Googleの「AI Mode」はさらに一歩進んでおり、1つの複雑な質問を複数の小さな質問に自動分解して並行処理する「クエリファンアウト」という技術を使っています(出典: Evertune; Niara, 2026年)。ただし共通の仕組みを使っていても、評価の軸はエンジンごとに異なります。ChatGPTやClaudeは意味的な深さや権威性を重視し、リアルタイム取得を行うエンジンは事実の新しさを重視する傾向があると指摘されています(出典: NetRanks, 2026年)。
誰がサイトを読みに来ているのか
各サービスは専用の巡回プログラム(クローラー)を使ってWebを読みに来ています。
OpenAI
GPTBot・OAI-SearchBot
Anthropic
ClaudeBot
Perplexity
PerplexityBot
Google-Extended
自社サイト側ではrobots.txtによりアクセスを許可・拒否できます(出典: Presenc AI, 2026年)。この設定方法は編III-A参照で具体的に扱います。
実践ステップ
- 自社サイトのrobots.txtを開き、どんなクローラーの記載があるか確認する
- ChatGPT・Perplexity・Google(検索でAI Overviewsが出るか)のそれぞれで、自社の主要キーワードを試す
- 表示された回答が、検索エンジン組み込み型と独立AI対話型のどちらの傾向が強いかをメモする
- 「検索の中にAIがいる」パターンと「AIの中に検索がある」パターン、自社が対策を急ぐべきはどちらかを考える
まとめ
AI検索は一枚岩ではなく、検索エンジン組み込み型と独立AI対話サービス型という生まれの違う2系統が並走しています。GoogleとOpenAIはほぼ同時期に競うようにAI検索を実装し、裏側の仕組みはRAGという点で共通していますが、評価の軸はエンジンごとに異なります。プレイヤーの地図が頭に入ったところで、序編の締めくくりとなるI-07では、この地図を土台にテクニカル・コンテンツ・エンティティ・計測という4つの打ち手が互いにどうつながっているかを先に俯瞰しておきます。
このレッスンはテキストとスライドで学べます。スライドは上のビューアからご覧ください。
確認テスト
選択肢をクリックすると、その場で正誤と解説が表示されます。
Q1. Google AI OverviewsとChatGPT検索は、ほぼ同時期に競うように実装が進められた。

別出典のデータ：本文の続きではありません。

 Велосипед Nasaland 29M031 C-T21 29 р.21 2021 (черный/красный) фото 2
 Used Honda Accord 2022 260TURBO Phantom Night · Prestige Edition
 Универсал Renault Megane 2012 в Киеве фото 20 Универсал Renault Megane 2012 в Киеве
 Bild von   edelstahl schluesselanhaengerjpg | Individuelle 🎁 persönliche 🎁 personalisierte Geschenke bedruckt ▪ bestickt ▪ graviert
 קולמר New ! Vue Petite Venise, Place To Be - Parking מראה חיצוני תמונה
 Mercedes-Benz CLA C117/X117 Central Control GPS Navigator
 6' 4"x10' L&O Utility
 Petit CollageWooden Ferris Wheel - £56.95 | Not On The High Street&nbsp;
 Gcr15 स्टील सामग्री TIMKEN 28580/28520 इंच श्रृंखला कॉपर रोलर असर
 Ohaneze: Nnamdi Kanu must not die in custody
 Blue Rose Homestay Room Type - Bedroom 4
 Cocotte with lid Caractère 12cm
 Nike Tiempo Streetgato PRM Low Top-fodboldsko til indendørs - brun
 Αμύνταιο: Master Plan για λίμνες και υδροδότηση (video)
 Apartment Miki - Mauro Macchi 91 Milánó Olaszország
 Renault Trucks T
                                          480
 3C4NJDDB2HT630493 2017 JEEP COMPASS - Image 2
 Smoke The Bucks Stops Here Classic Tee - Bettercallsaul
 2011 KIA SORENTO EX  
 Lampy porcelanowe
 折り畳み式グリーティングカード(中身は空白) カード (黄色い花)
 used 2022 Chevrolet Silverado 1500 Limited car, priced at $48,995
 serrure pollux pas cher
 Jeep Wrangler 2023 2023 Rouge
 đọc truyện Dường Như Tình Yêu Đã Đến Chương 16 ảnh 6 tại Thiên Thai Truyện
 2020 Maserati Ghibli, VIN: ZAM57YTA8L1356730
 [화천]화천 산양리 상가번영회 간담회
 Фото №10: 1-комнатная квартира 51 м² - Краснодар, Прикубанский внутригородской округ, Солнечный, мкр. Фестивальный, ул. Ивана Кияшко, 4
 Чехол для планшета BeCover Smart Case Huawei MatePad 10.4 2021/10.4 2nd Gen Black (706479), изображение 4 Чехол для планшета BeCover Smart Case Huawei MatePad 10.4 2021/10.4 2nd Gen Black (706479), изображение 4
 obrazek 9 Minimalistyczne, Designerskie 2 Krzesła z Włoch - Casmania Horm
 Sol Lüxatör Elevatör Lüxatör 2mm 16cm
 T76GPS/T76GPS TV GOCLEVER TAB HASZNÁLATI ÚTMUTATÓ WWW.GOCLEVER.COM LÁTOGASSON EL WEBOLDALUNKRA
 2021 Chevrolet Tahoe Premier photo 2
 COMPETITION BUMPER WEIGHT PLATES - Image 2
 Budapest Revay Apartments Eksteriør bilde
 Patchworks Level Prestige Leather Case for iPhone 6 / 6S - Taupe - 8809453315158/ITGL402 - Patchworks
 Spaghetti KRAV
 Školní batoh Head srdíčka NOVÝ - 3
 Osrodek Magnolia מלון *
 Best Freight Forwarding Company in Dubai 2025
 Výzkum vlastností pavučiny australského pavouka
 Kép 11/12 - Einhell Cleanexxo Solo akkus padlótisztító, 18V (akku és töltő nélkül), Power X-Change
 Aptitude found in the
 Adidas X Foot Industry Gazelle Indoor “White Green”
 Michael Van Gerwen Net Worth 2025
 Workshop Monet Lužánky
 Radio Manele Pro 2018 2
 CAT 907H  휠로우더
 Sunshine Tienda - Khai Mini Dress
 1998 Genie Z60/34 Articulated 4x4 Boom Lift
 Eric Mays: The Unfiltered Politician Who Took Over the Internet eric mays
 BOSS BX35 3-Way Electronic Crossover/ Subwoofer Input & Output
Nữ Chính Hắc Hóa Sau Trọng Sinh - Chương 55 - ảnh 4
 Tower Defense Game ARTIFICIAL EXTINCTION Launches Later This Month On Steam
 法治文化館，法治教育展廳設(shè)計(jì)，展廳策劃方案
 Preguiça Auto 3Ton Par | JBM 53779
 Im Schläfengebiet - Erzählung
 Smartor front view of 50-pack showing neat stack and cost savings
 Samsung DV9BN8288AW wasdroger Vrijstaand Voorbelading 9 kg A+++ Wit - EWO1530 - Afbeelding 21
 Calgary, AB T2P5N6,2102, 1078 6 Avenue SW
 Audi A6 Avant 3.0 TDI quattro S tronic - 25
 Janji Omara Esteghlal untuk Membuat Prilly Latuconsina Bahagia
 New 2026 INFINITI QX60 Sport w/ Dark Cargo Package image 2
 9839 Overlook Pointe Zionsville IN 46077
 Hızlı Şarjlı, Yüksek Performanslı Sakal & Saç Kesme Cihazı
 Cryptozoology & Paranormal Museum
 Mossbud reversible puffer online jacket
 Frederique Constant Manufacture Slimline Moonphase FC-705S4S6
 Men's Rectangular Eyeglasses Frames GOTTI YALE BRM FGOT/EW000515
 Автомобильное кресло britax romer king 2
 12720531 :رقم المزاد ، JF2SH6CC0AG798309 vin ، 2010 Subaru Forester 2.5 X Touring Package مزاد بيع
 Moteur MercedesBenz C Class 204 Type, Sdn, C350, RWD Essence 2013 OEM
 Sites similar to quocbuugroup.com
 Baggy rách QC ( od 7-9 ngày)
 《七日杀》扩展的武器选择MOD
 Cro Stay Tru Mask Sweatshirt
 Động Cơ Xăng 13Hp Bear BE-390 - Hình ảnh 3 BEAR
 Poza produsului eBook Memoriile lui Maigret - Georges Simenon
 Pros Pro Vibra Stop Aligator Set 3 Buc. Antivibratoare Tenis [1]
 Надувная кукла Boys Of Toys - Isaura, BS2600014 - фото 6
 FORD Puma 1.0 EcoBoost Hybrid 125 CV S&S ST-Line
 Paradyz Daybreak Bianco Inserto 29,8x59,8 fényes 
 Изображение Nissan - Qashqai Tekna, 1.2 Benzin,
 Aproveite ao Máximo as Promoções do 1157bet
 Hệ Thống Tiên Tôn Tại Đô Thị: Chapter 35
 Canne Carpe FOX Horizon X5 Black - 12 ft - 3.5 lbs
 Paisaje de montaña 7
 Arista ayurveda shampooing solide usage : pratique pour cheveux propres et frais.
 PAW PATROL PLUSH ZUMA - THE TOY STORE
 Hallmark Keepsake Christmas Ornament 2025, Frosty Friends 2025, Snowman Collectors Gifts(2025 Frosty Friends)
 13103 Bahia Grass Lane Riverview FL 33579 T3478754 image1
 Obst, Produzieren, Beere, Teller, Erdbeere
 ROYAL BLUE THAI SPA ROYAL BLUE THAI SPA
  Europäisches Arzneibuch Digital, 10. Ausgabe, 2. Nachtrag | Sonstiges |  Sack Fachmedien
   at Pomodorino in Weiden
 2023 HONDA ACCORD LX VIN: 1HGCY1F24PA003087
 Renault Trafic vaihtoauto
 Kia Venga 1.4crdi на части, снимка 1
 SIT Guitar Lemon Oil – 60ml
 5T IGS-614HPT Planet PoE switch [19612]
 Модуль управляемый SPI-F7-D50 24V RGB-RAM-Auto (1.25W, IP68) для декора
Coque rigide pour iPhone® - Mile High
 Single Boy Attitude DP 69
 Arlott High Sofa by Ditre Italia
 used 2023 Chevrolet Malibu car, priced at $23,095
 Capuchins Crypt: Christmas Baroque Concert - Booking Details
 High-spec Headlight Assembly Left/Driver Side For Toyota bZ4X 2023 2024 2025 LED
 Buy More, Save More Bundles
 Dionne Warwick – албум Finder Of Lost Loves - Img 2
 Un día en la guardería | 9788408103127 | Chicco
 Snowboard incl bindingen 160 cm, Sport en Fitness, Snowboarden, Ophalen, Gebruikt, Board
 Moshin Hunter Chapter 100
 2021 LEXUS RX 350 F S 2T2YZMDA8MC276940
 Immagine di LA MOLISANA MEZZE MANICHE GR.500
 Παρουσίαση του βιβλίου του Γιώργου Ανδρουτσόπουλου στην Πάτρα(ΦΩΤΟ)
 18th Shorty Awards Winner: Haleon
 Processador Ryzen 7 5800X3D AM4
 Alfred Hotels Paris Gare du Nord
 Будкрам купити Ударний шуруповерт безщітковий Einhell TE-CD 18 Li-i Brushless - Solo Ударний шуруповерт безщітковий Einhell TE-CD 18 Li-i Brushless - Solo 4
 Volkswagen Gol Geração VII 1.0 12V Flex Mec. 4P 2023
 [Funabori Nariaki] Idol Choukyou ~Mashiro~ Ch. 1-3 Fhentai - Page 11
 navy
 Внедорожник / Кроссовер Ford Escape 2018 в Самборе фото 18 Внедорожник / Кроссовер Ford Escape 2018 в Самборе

GoogleとOpenAIは2023〜2025年にかけてほぼ同時期にAI検索を実装してきたと本文は説明している。
Q2. Anthropicが提供しているAIクローラーとして本文に挙げられているのはどれか。
OpenAIはGPTBot・OAI-SearchBot、AnthropicはClaudeBot、PerplexityはPerplexityBotとして整理されている。
Q3. RAG(検索拡張生成)の仕組みとして本文が説明しているのはどれか。
Google AI Overviews・ChatGPT検索・Perplexityはいずれもこの2段構成の仕組みで動いていると説明されている。
このレッスンのFAQ
Q. AI検索のプレイヤーはどのように分類できますか?
検索エンジン組み込み型(Google AI Overviews等)と独立AI対話サービス型(ChatGPT・Perplexity等)の2タイプに大きく分けられます。生まれた場所も進化のしかたも異なります。
Q. 自社サイトへのAIクローラーのアクセスは制御できますか?
はい、robots.txtにより許可・拒否を設定できます。具体的な設定方法は編III-Aで扱われます。
Q. すべてのAI検索エンジンは同じ基準で評価しますか?
いいえ、エンジンごとに評価の軸は異なります。ChatGPTやClaudeは意味的な深さや権威性を重視し、リアルタイム取得を行うエンジンは事実の新しさを重視する傾向があると指摘されています。